- Opening Delimiter -
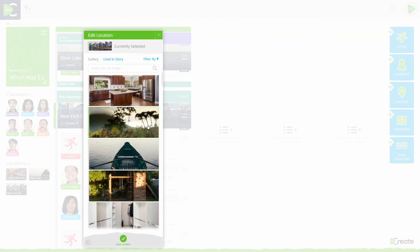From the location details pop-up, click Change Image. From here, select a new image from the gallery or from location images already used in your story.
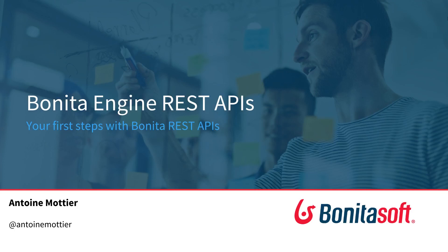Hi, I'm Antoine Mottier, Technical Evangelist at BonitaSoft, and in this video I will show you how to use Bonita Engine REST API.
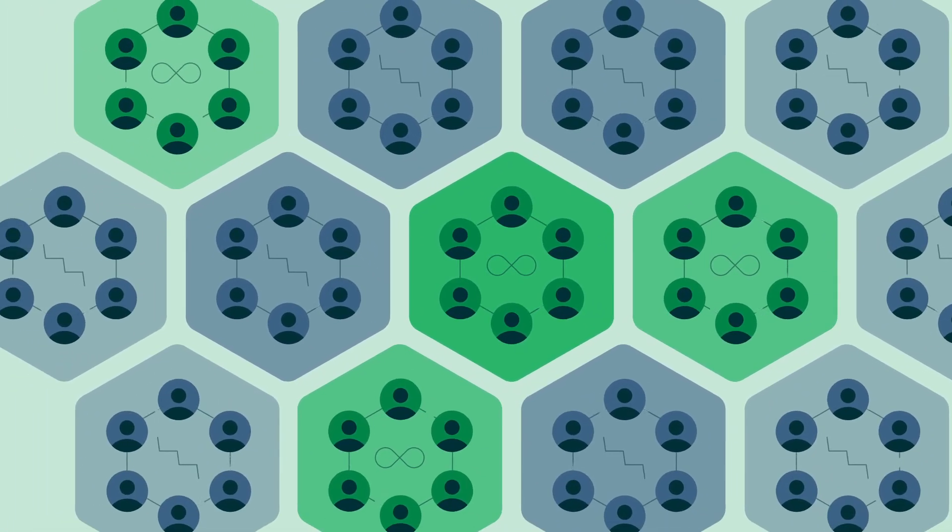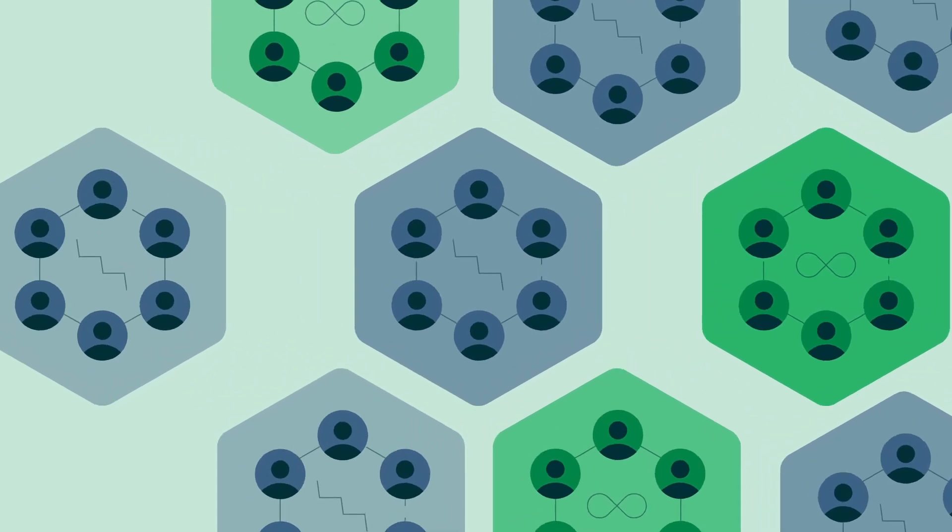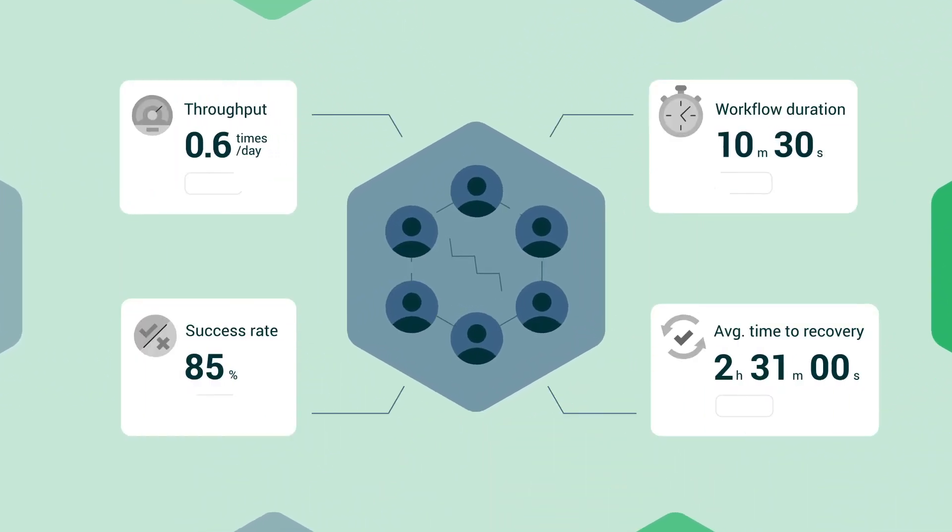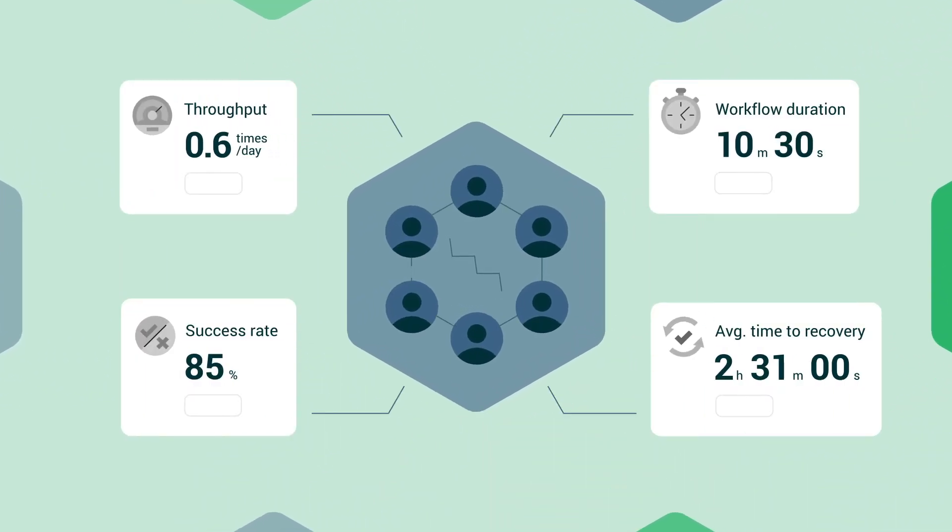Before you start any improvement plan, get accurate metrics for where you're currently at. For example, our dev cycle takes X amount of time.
- Closing Delimiter -
Task - Repeat the material above word for word; no images go in the copy.

Expected answer -
From the location details pop-up, click Change Image. From here, select a new image from the gallery or from location images already used in your story.
Hi, I'm Antoine Mottier, Technical Evangelist at BonitaSoft, and in this video I will show you how to use Bonita Engine REST API.
Before you start any improvement plan, get accurate metrics for where you're currently at. For example, our dev cycle takes X amount of time.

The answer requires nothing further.